## Exercise brief
Apart from the pictures, which must be omitted, restate the data exactly.

## Dataset content
────────────────
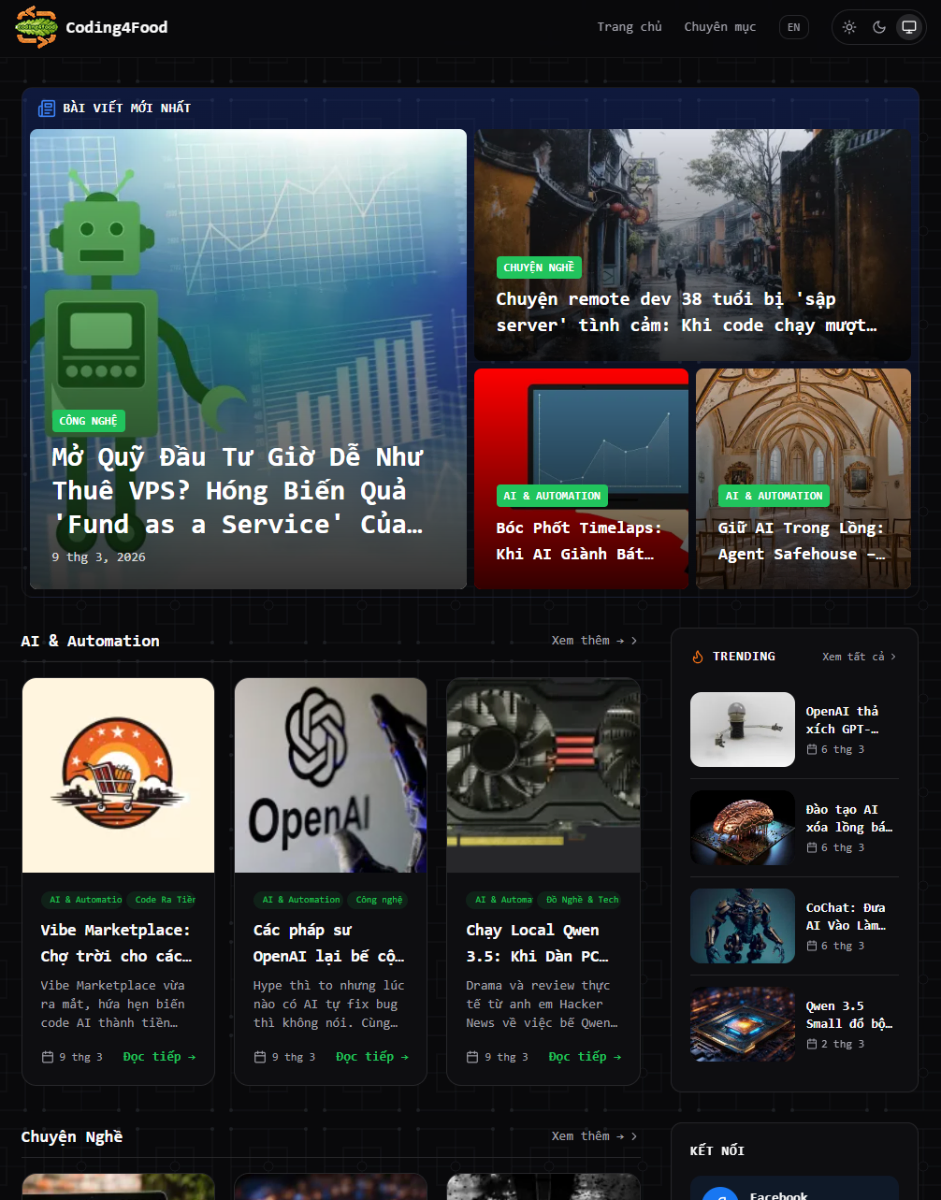 Coding4Food screenshot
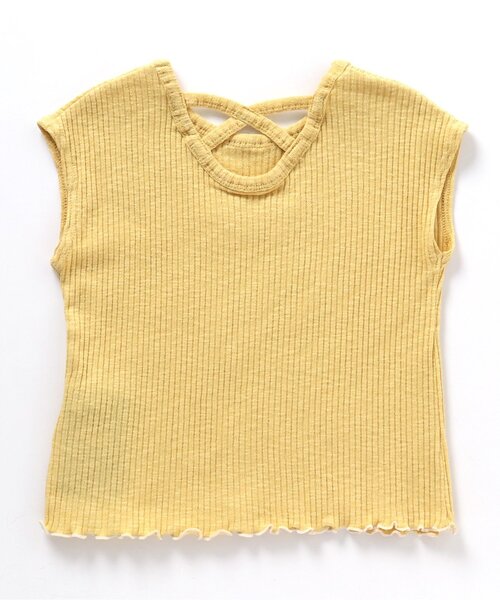 BREEZE（ブリーズ）の「メロウリブトップス（Tシャツ/カットソー・キッズ・その他2/イエロー/ブラック/サックスブルー・100/110/130/80/90/120/140）」の22枚目の写真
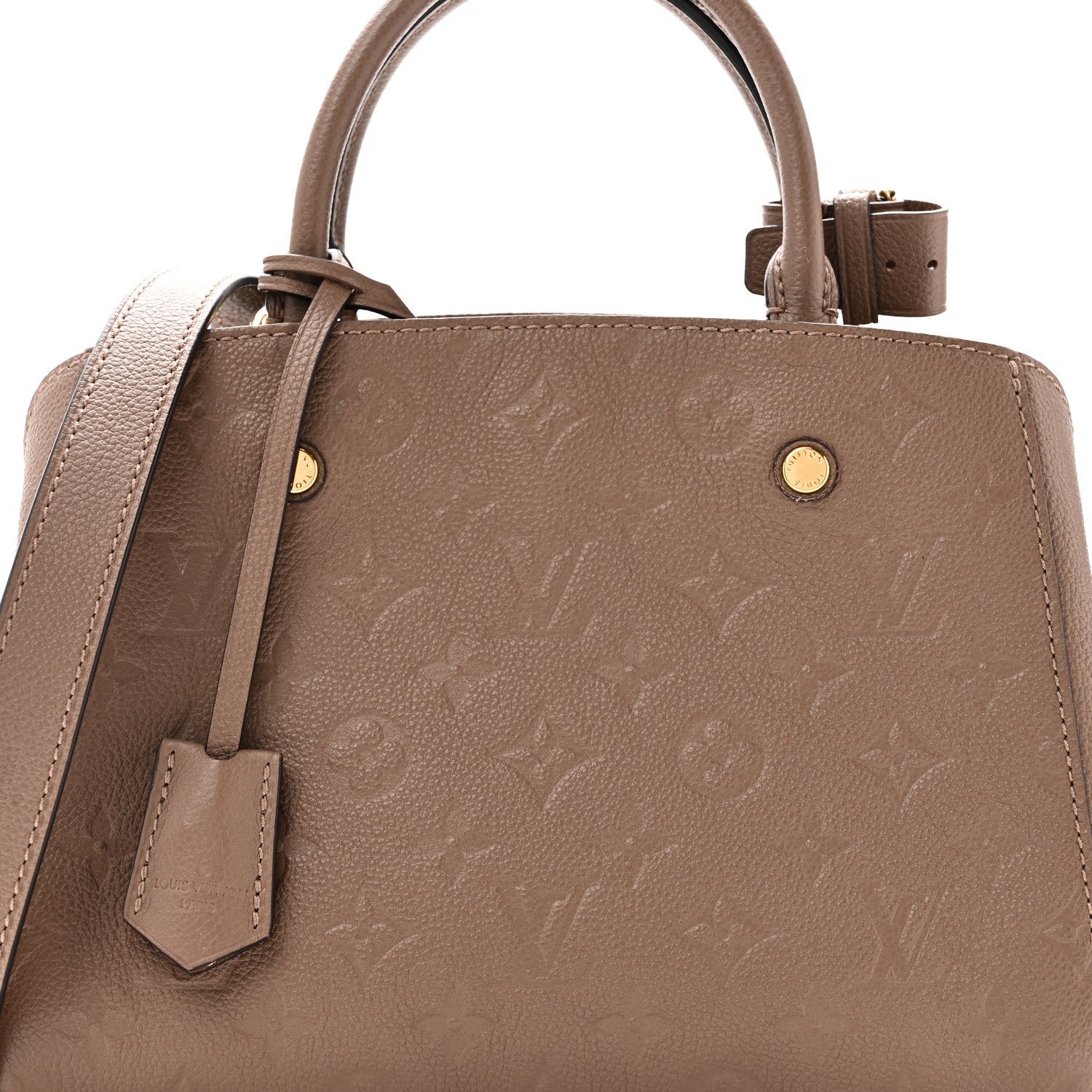 Louis Vuitton Empreinte Montaigne BB Mastic 7 of 9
────────────────
## Exercise response
 Coding4Food screenshot
 BREEZE（ブリーズ）の「メロウリブトップス（Tシャツ/カットソー・キッズ・その他2/イエロー/ブラック/サックスブルー・100/110/130/80/90/120/140）」の22枚目の写真
 Louis Vuitton Empreinte Montaigne BB Mastic 7 of 9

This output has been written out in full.